* **DIRECTIONS**: Images are to be excluded, and the rest of the data repeated exactly.
** Opening DATA block **
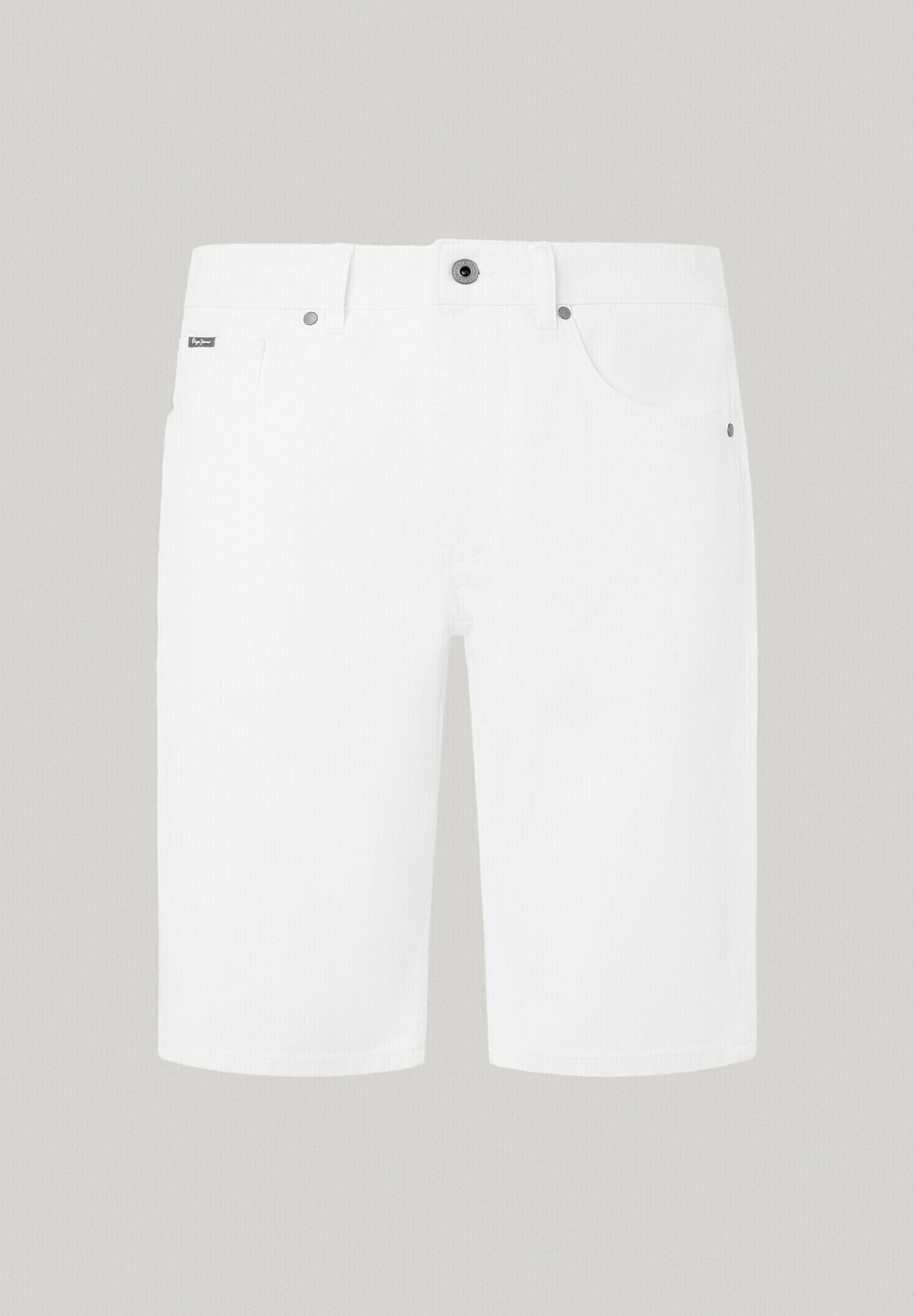 Pepe Jeans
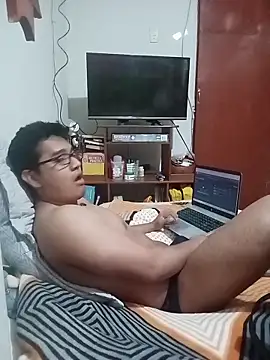 Zack1225 online show from 12/20/25, 05:38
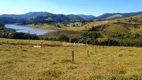 Foto 14 de Lote/Terreno à venda, 5700m² em , Piracaia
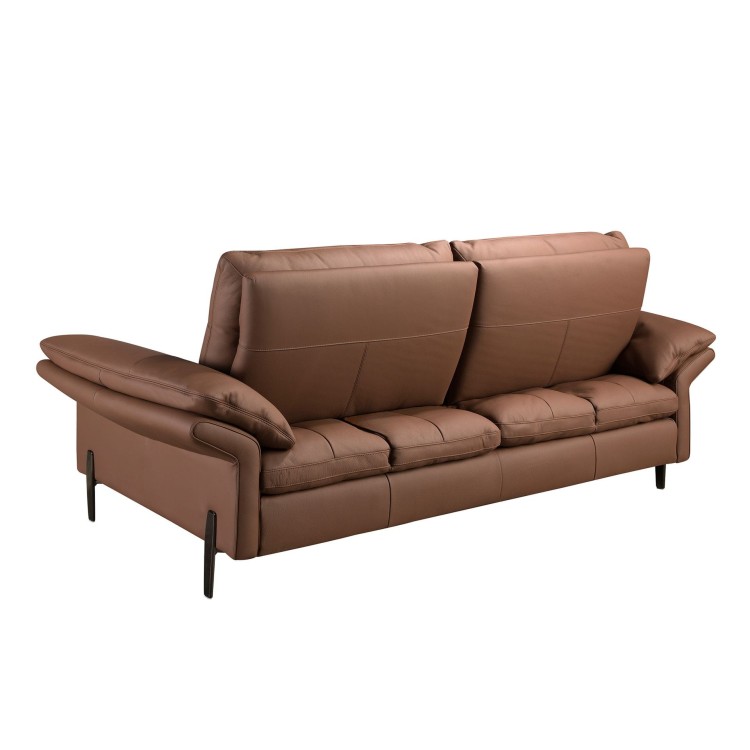 sofa, sofa  Angel Cerda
** Closing DATA block **
* **OUTPUT FOR THIS TASK**:
 Pepe Jeans
 Zack1225 online show from 12/20/25, 05:38
 Foto 14 de Lote/Terreno à venda, 5700m² em , Piracaia
 sofa, sofa  Angel Cerda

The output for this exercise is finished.